Il problema di re e regine è che non amano la corona. Identico destino per imperatori e imperatrici in qualunque versione vengano ritratti. E con queste pennellate arriva sul grande schermo l'ennesima versione di Sissi, al secolo Elisabetta d'Austria, moglie di Francesco Giuseppe. Cronaca e storia sono lontanissimi da queste sequenze molto - anche troppo - liberamente ispirate alla vita della sovrana che giornalisti e divulgatori hanno talora messo in parallelo con la Lady D. dei giorni nostri.
Questa Sissi firmata da Marie Kreutzer e interpretata da Vicky Krieps è una donna che non ha più voglia. Ossessionata dall'amore e dalle amicizie. Inquieta per l'ingresso negli anta. Obbligata a preservare la sua immagine. Soffocata dalle convenzioni fra cui il corsetto, legato sempre più stretto, è metafora efficace di un simbolismo opprimente. Vive i suoi giorni col sapore amaro dell'insoddisfazione, riempiendoli di viaggi e dei volti familiari di amici di vecchia data ed ex amanti. Più che una vita è una rincorsa verso un tempo proustianamente perduto in cui il peso massiccio del tempo che scorre viene alleggerito dal tentativo di rivivere la febbre di quegli amori scintillanti.
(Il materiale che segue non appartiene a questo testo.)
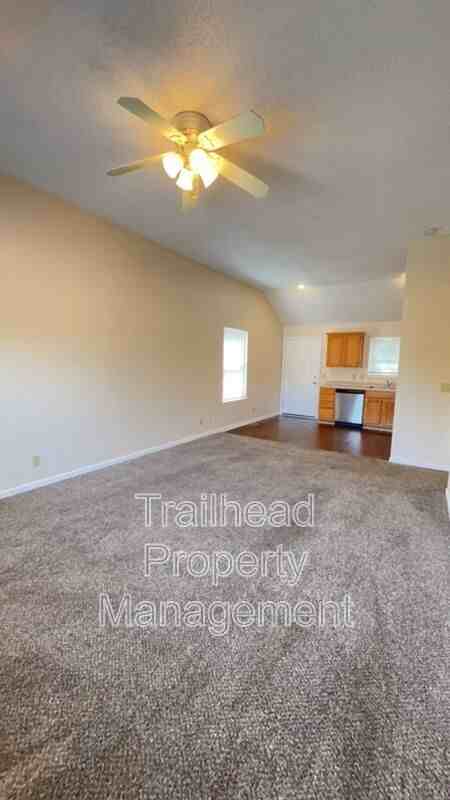 18223 E 12th Ter N - Photo 2 of 28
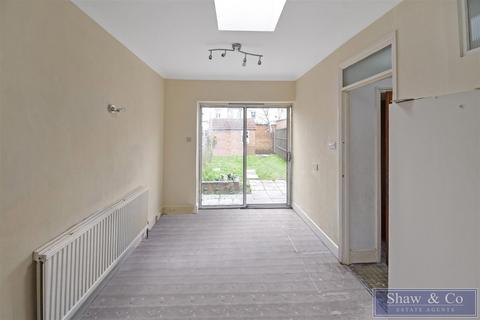 3 bedroom terraced house for sale, Tiverton Road, Hounslow TW3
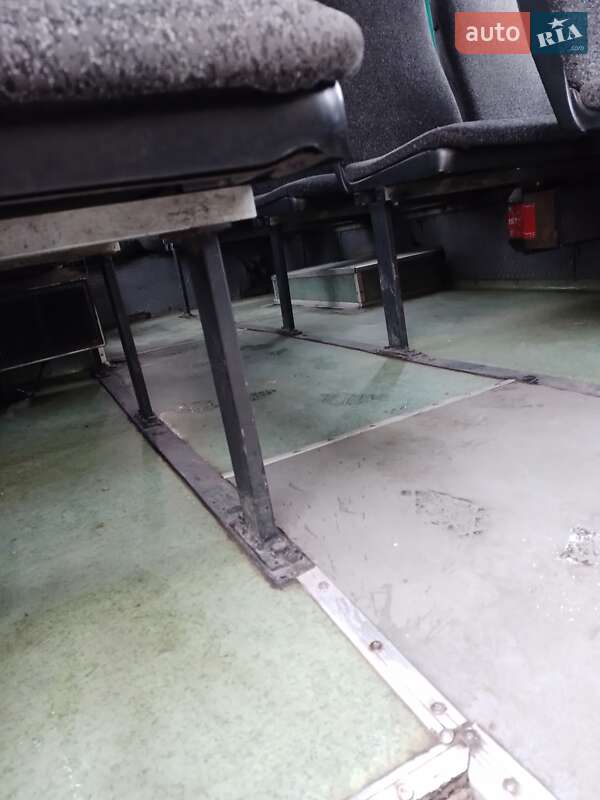 Приміський автобус Mercedes-Benz T2 1996 в Івано-Франківську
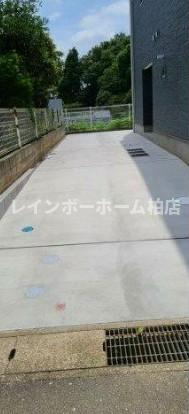 【仲介手数料：50％OFF】対象物件！の駐車場|駐車場完備です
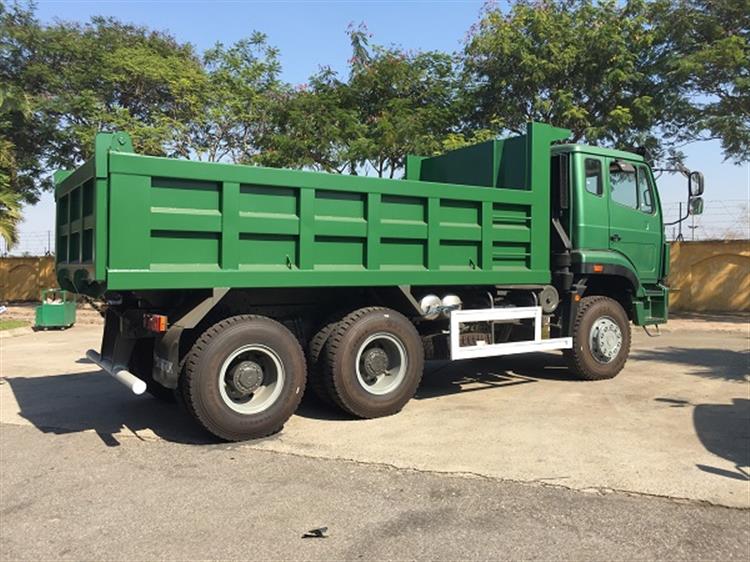 XE TẢI HOWO 3 CHÂN 290 HP THÙNG VUÔNG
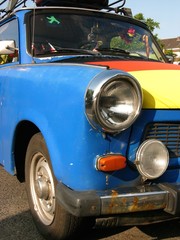 Legendärer  Kleinwagen in Blau aus der ehemaligen DDR mit der Deutschlandfahne auf der Motorhaube bei Sonnenschein im Münster in Westfalen im Münsterland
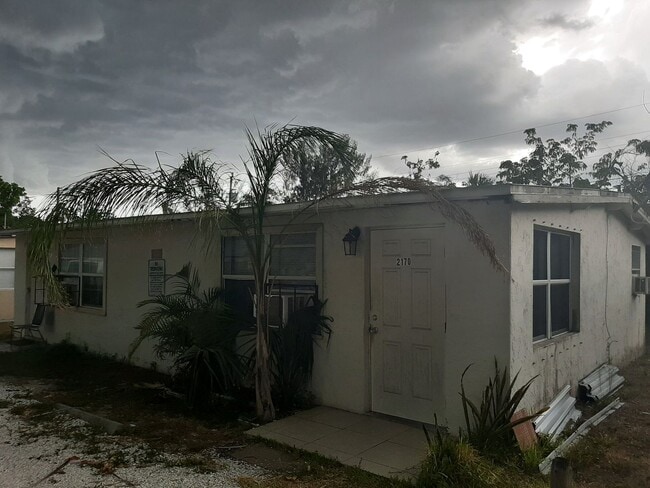 Building Photo - 2170-2172 Davis Court Unit 2170 Davis Court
Ne esce un grande affresco, potente come solo i sentimenti sanno essere. Un quadro in cui i grandi gesti fanno rima con grande cinema ma dove le storie prendono le distanze dalla Storia. E Sissi può diventare la donna dallo schiaffo eclatante verso il destino. L'imperatrice che si sottrae ai suoi doveri o li asseconda senza entusiasmo con la sufficienza che le deriva dal sentirsi al di sopra di ogni parte di un mondo povero. E si fa beffe perfino di un'anagrafe lontanissima da quella della consorte di Francesco Giuseppe, morta giovane, a sessant'anni, di morte violenta.
Vinta, nella tragedia, da questa Sissi quarantenne più amara e sfortunata, se possibile. Decadentista ma cara agli dei. Eclatante e ancor più cara a un pubblico che al cinema vive dei grandi gesti di cui i semplici mortali non sono mai capaci, una volta fuori dalla sala.